(DATA FOR PROCESSING Opens)

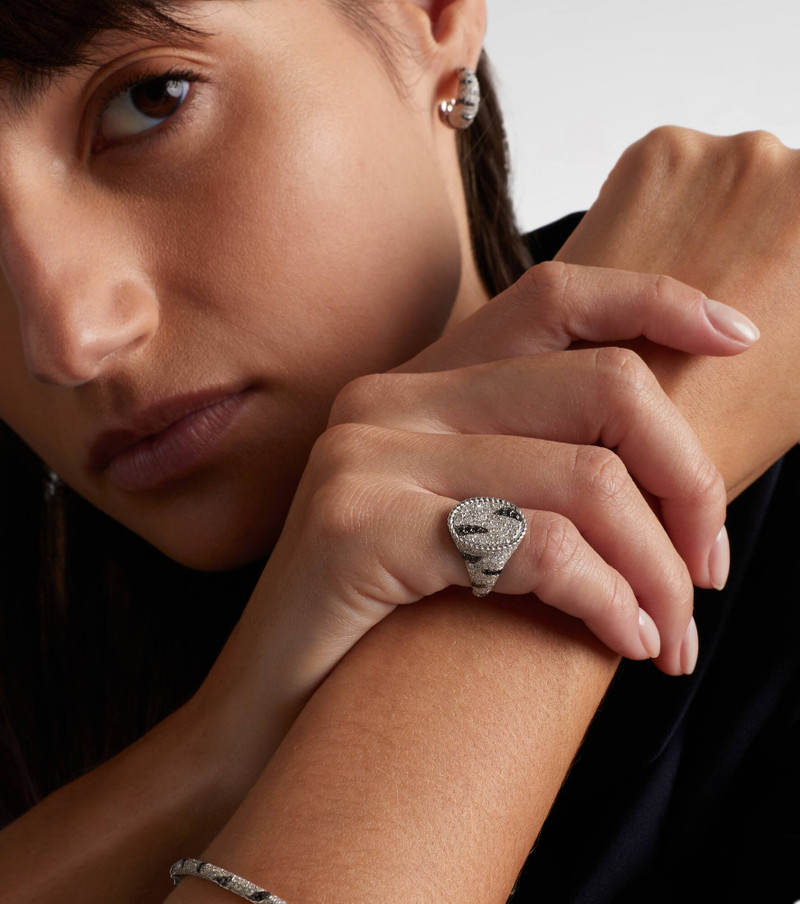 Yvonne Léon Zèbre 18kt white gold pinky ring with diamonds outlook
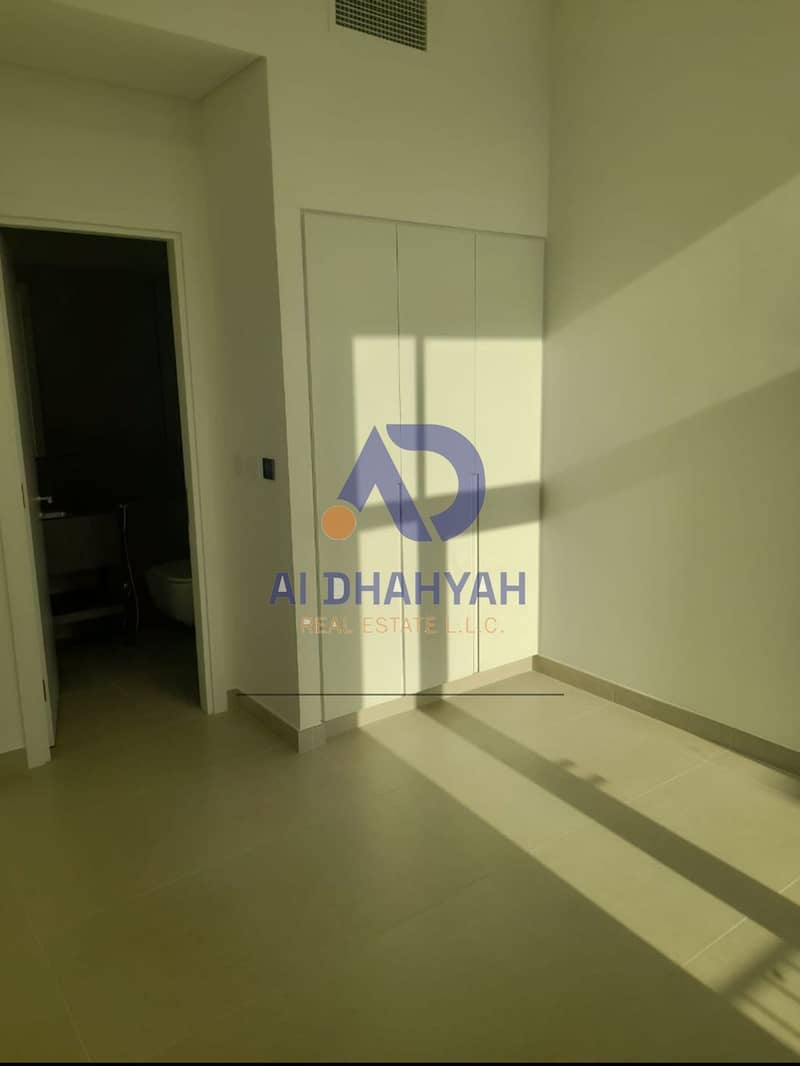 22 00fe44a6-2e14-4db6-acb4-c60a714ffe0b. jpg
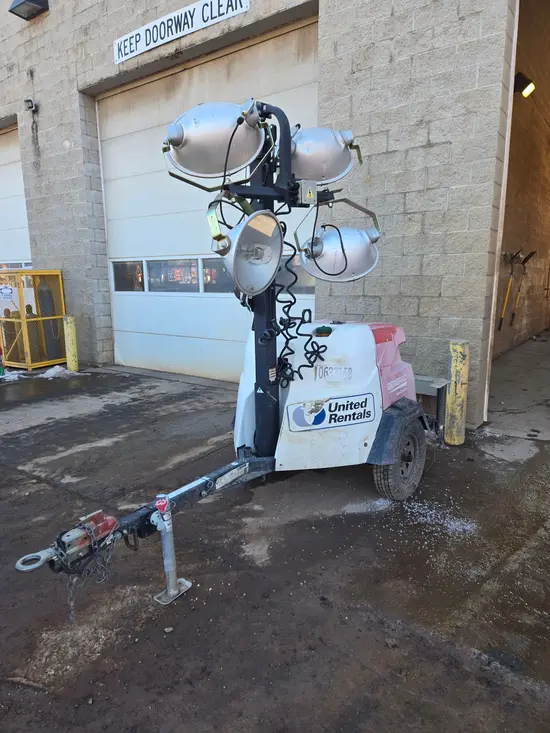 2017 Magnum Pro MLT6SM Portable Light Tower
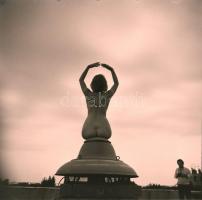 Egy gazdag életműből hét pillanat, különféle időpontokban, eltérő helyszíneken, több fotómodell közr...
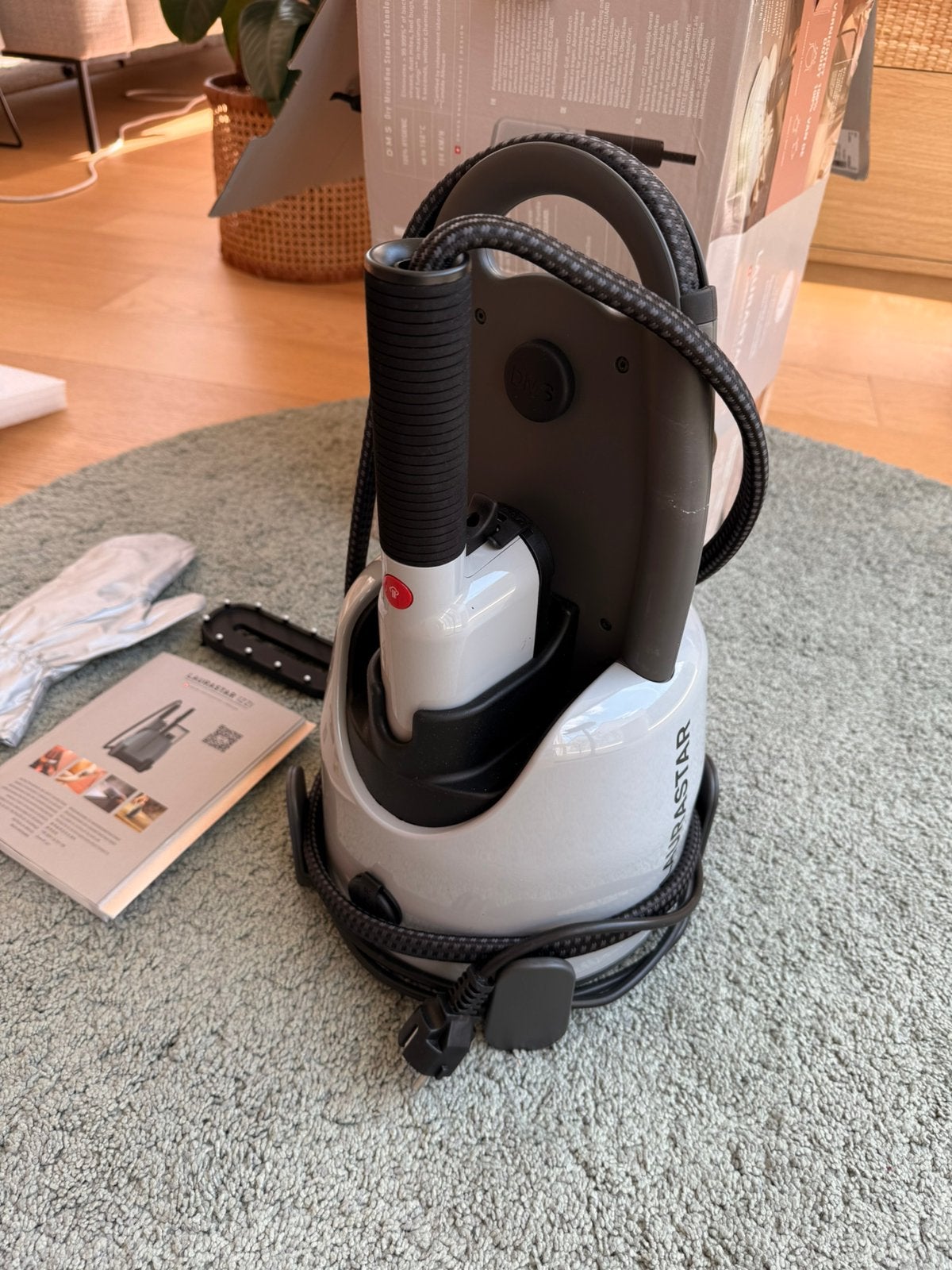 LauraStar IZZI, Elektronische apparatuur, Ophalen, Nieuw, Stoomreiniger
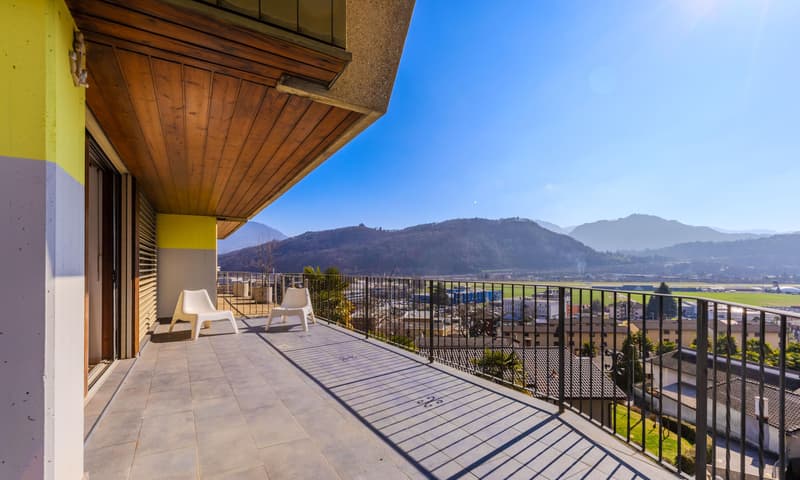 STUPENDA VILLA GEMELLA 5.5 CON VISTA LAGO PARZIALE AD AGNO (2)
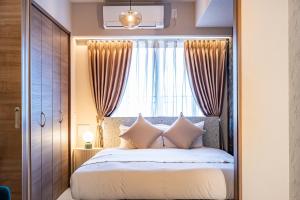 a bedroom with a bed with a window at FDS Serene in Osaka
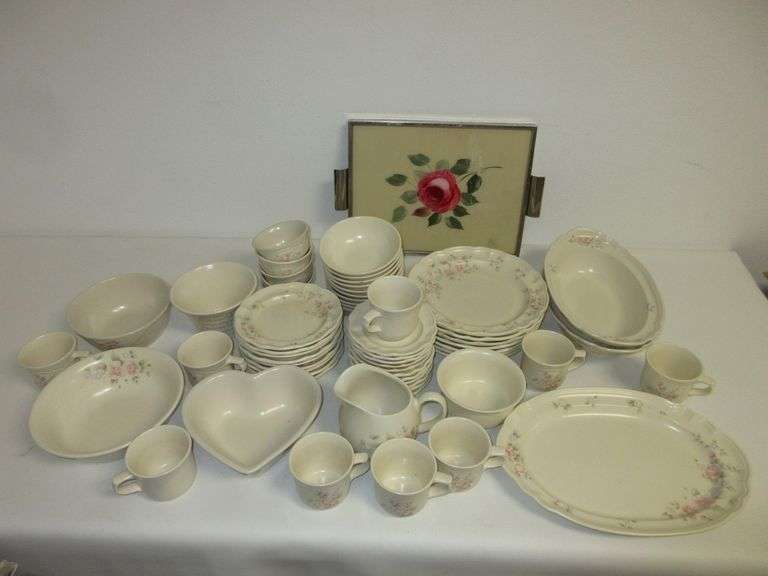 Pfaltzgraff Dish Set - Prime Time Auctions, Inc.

(DATA FOR PROCESSING Closes)
(DATA FOR PROCESSING Opens)

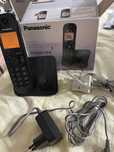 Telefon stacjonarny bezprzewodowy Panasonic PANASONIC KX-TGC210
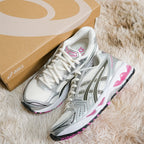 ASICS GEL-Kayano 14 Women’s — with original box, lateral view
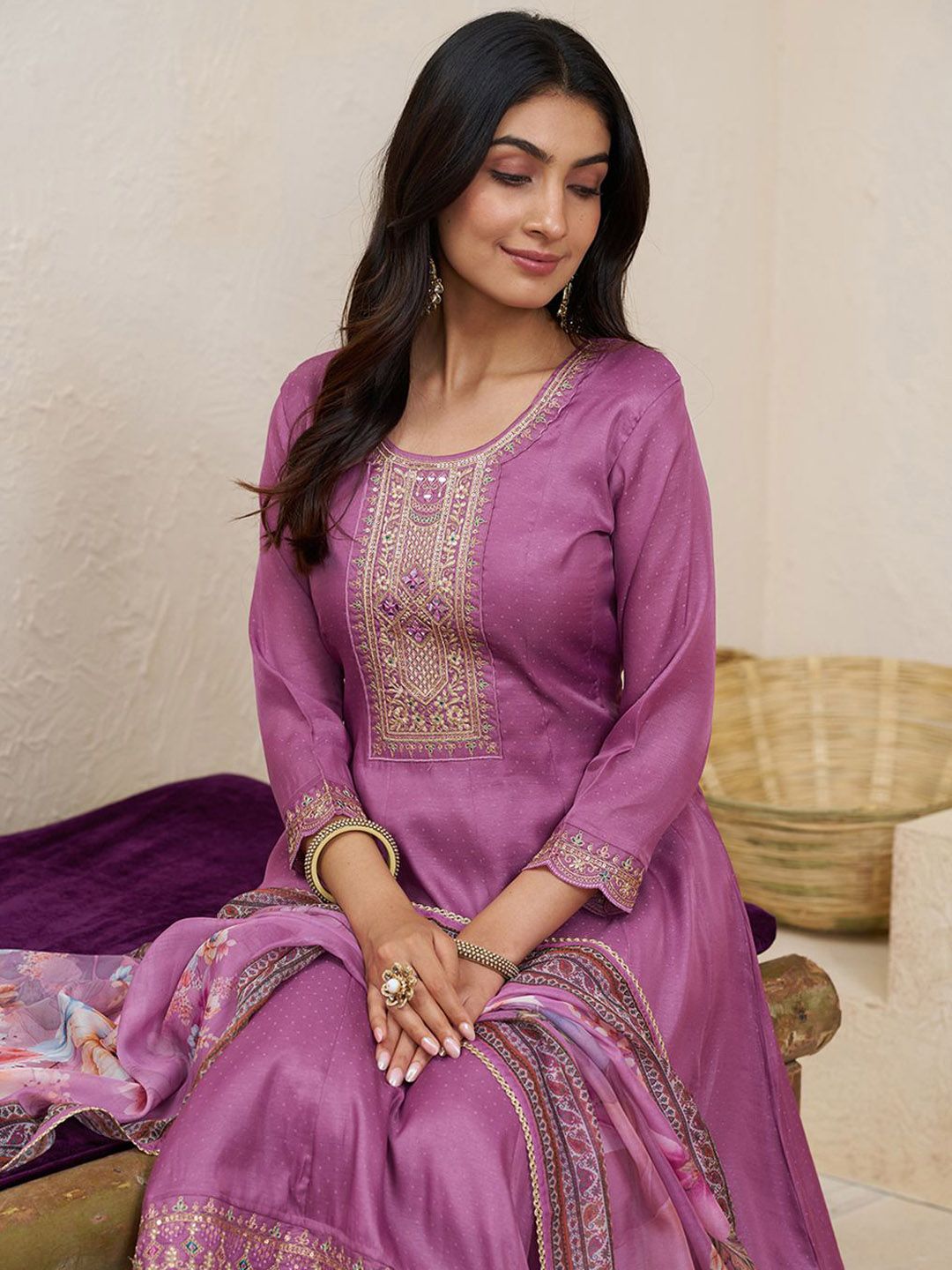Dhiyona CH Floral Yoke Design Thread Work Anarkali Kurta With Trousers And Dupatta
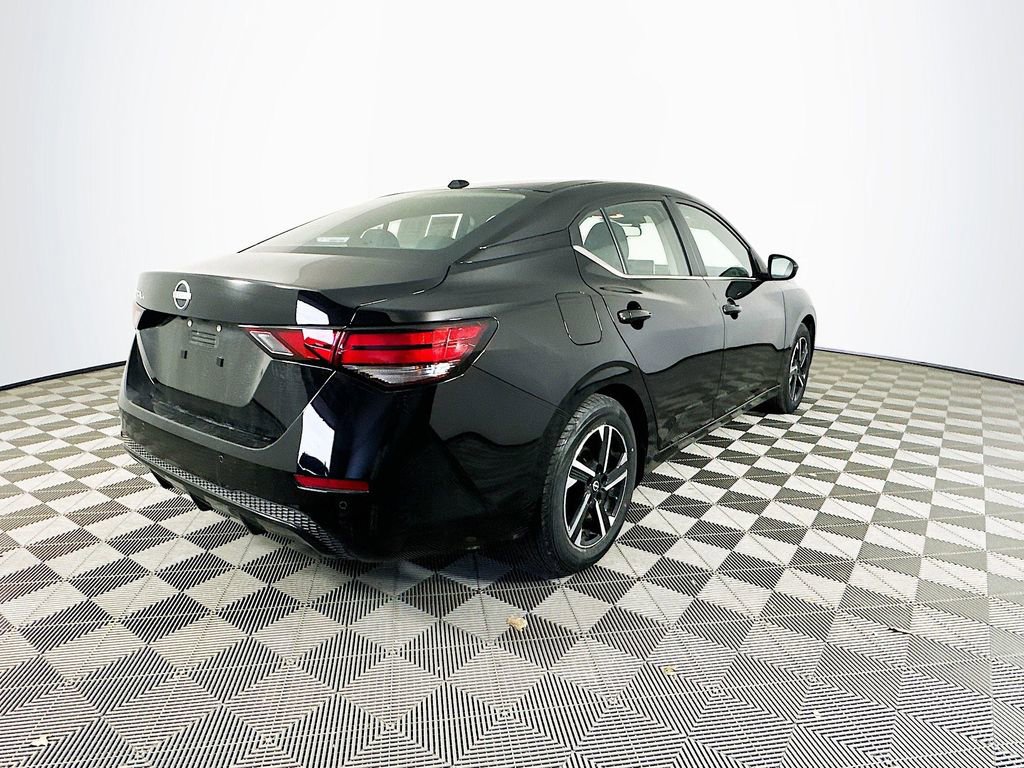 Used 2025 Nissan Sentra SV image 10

(DATA FOR PROCESSING Closes)

_TASK OBJECTIVE_
Output exactly, and only, the lines of the entries above from the one with "Yvonne Léon Zèbre" up to and including the one with "Egy gazdag életműből"; pictures are to be left out.

_RESULT OF THIS TASK_
 Yvonne Léon Zèbre 18kt white gold pinky ring with diamonds outlook
 22 00fe44a6-2e14-4db6-acb4-c60a714ffe0b. jpg
 2017 Magnum Pro MLT6SM Portable Light Tower
 Egy gazdag életműből hét pillanat, különféle időpontokban, eltérő helyszíneken, több fotómodell közr...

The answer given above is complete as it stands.